Step 2: Create Your Baseline Snapshot
Your pull-based monitoring is only useful if you have a baseline to compare against. Consolidate your outputs from Modules 2, 3, and 4 into a single baseline document that serves as the reference point for all future monitoring.
For each item in the baseline, assign a classification:
| Classification | Meaning | Action |
|---|---|---|
| Known-Good | Expected and properly configured. No security concern identified | Document and monitor for changes |
| Accepted Risk | Known exposure that cannot be remediated immediately (e.g., business-required internet-facing service) | Document the business justification. Monitor more frequently. Review acceptance quarterly |
| Needs Remediation | Security issue with a clear fix (patch available, misconfiguration, unnecessary exposure) | Add to remediation queue with priority from Module 4 framework. Track to resolution |
| Needs Investigation | Unknown or unexpected item requiring further analysis before classification | Investigate promptly. Items should not remain in this category for more than one monitoring cycle |
OT-Priority Sorting
When classifying baseline entries, work through them in order of operational impact. Remote access portals, VPN endpoints, and administrative interfaces should be classified first -- these are the assets most likely to provide a direct path into OT networks. Tier 1 and Tier 2 personnel (those with OT system access or credentials) come next, followed by vulnerability correlation entries for edge devices and OT-adjacent systems. All remaining findings -- corporate subdomains, general personnel, and lower-priority vulnerabilities -- are classified last. This ordering ensures that the entries with the most direct OT impact receive attention even when time runs short.
Baseline Structure
Your baseline document should consolidate the key outputs from each preceding module:
- From Module 2 (Attack Surface): All discovered domains, subdomains, and exposed services with their current status. Remote access portals, VPN login pages, and administrative interfaces should be listed first within this section. Include the asset documentation fields (hostname, IP, port, product, criticality, zone)
- From Module 3 (Personnel): Tier 1 and Tier 2 personnel with email addresses, breach status, and monitoring priority. Team email addresses and email format pattern
- From Module 4 (Vulnerabilities): Vulnerability correlation table with CVE details, KEV status, priority ratings, and remediation status
- From this module: List of configured push alerts and pull-based schedule, so the next person running the monitoring process knows what is already set up
The baseline is a living document. Every monitoring cycle should produce a comparison against the baseline and then update it. When a new subdomain appears, it starts as "Needs Investigation," gets analyzed, and then moves to one of the other three categories. When a vulnerability is patched, its status in the baseline changes to "Known-Good" with a note about the patch date. The baseline reflects your current understanding, not a historical snapshot. The remote access and edge device entries are the highest-priority section of this document -- if nothing else is reviewed at each monitoring cycle, those entries should be.

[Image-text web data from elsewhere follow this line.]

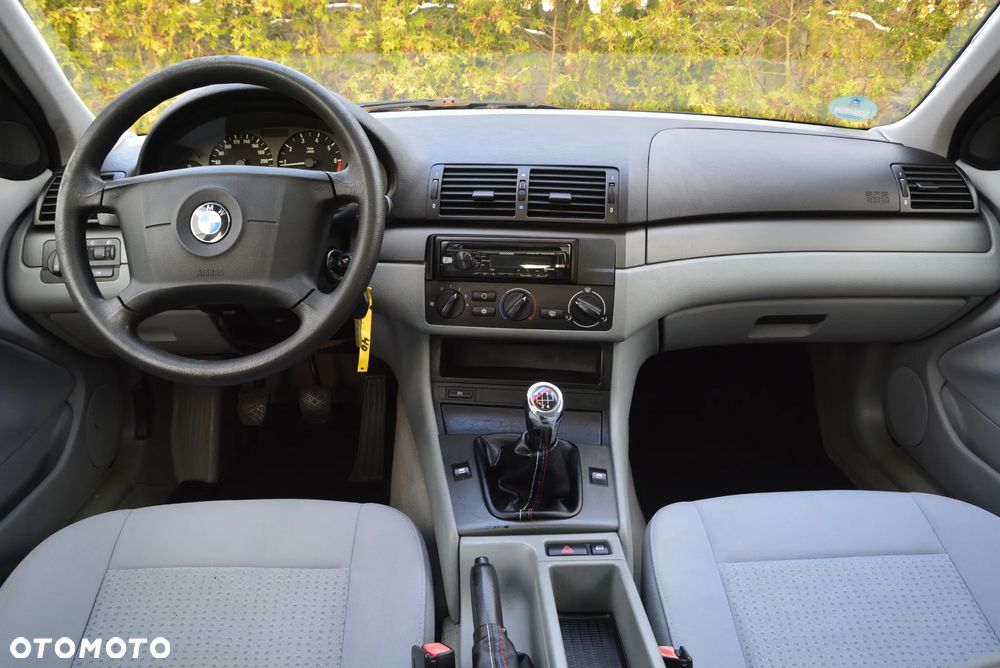 BMW Seria 3 318i - 29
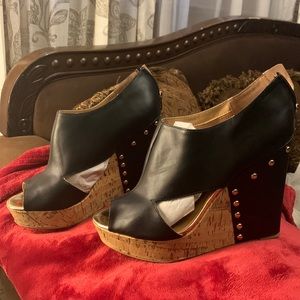 Beautiful wedge shoes size 10
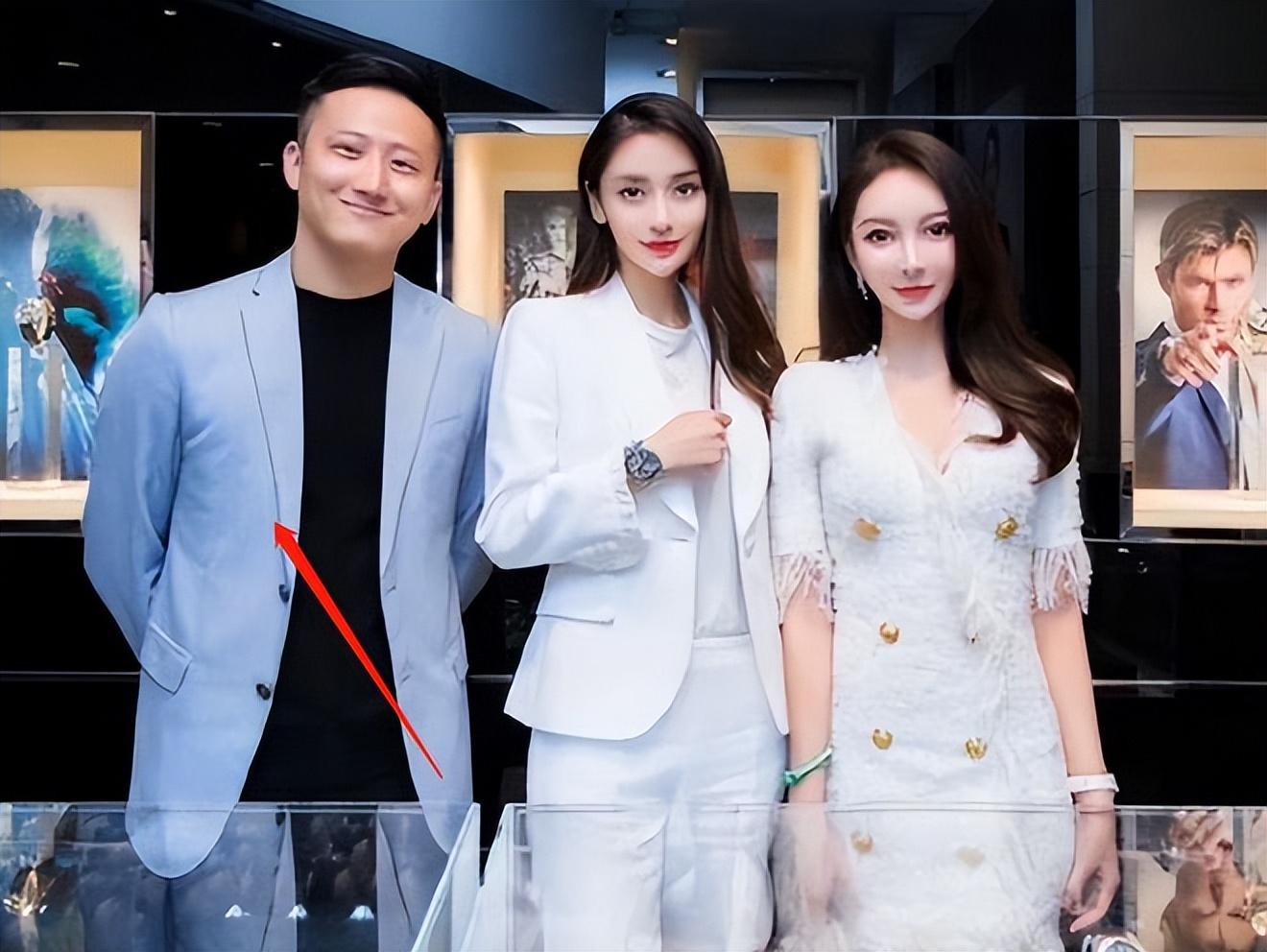 angelababy被禁言后首露面,深夜抱儿子看急诊,消瘦憔悴显落魄_杨颖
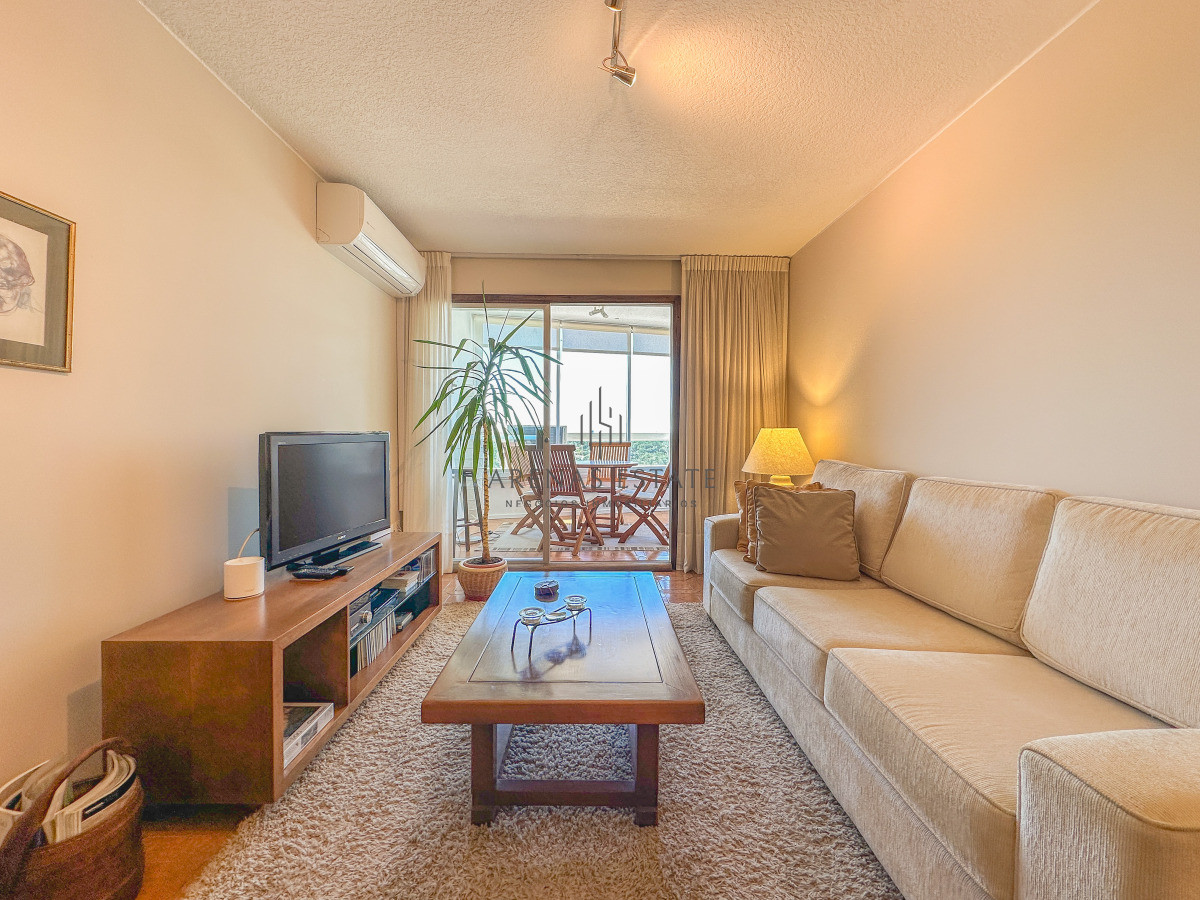 Apartamento ID.4077 - Apartamento en Roosevelt, piso alto, 2 dormitorios más dependencia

Step 3: Sustainability Assessment
You have now designed a monitoring schedule and created a baseline. Before leaving this module, spend five minutes making explicit decisions about how this program survives beyond today. Answer these four questions -- use your AI client to think through the tradeoffs, but the answers are yours to make:
- Single point of failure: Is this program documented well enough that a teammate who was not here today could run it? If not, what is missing -- tool access, login credentials, the schedule itself, or context about why certain alerts were configured?

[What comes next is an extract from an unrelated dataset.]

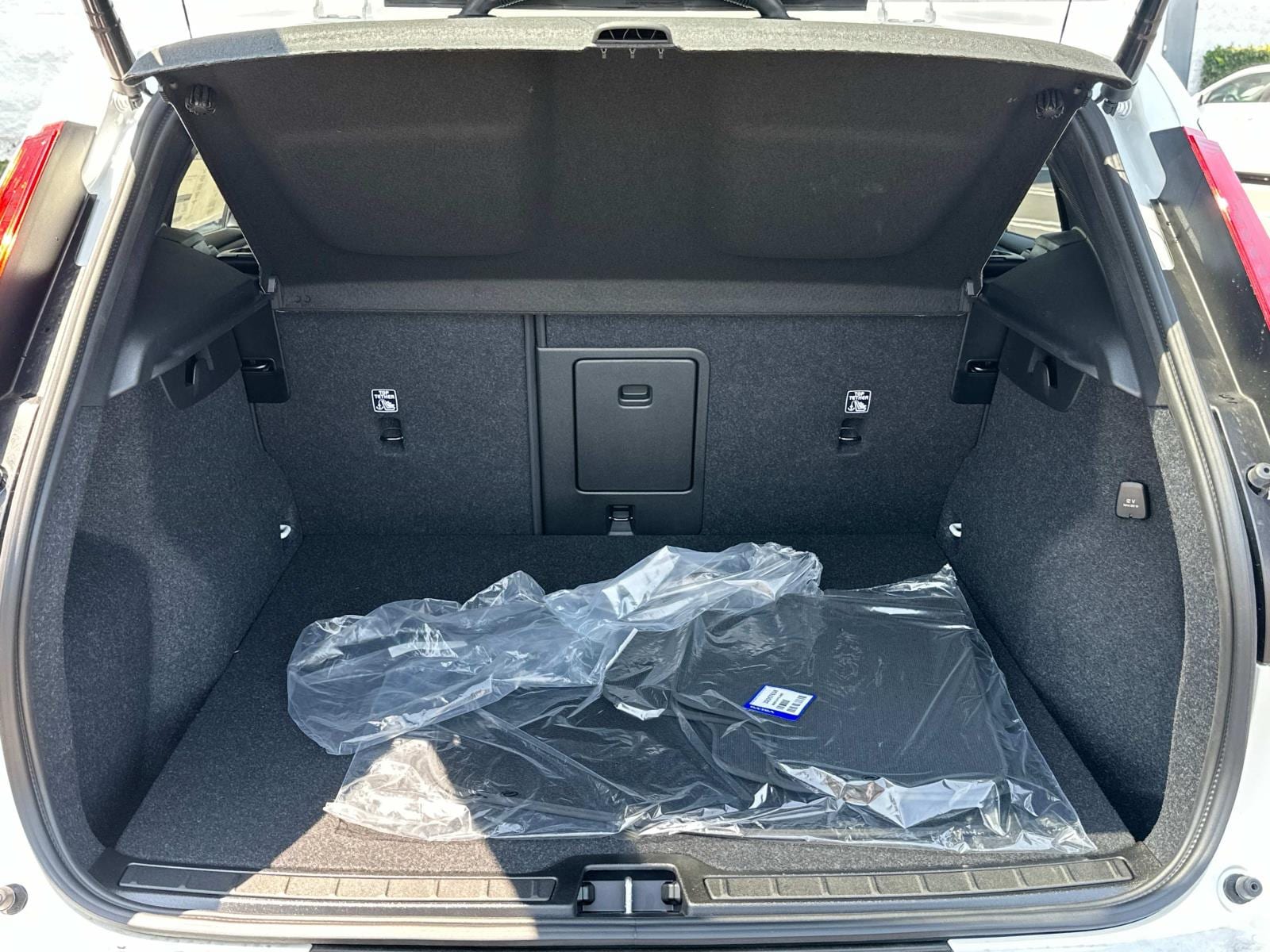 2026 Volvo XC40 Ultra - Photo 18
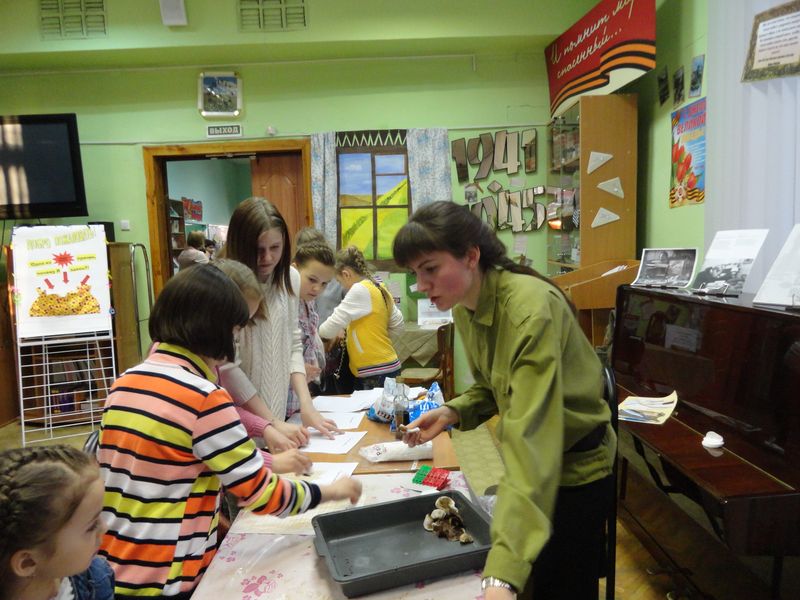 Фото к Сотрудники ИЦАЭ Владимира подарили участникам «Библионочи» оранжевое настроение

- Minimum viable monitoring: Of all the push alerts and pull checks in your monitoring program, which 2-3 would you keep if your available time dropped by 75%? These are your non-negotiables -- the checks that keep the program alive even when everything else falls off. (Include both push alerts and pull checks in your consideration.)
- Escalation path: When monitoring surfaces a P0 or P1 finding at 10pm on a Friday, who gets the call? Is that documented anywhere other than your own memory?
- Program review cadence: When will you revisit the alert configurations themselves? Alert configs go stale too -- organizational changes, new domains, personnel turnover, and vendor product changes all require updates to what you are monitoring.
Use your AI client to help identify your minimum viable monitoring set:
Given this monitoring program covering [describe your setup --
domains monitored, alert services configured, pull-based schedule,
number of personnel tracked], I have limited time and need to
identify my minimum viable monitoring set.
If I could only run 3 checks per week, which 3 would give me the
highest detection value for an electric cooperative / [sector]
organization, and why?
For each, specify:
1. The tool and the specific query to run
2. What finding would require immediate action (escalate now)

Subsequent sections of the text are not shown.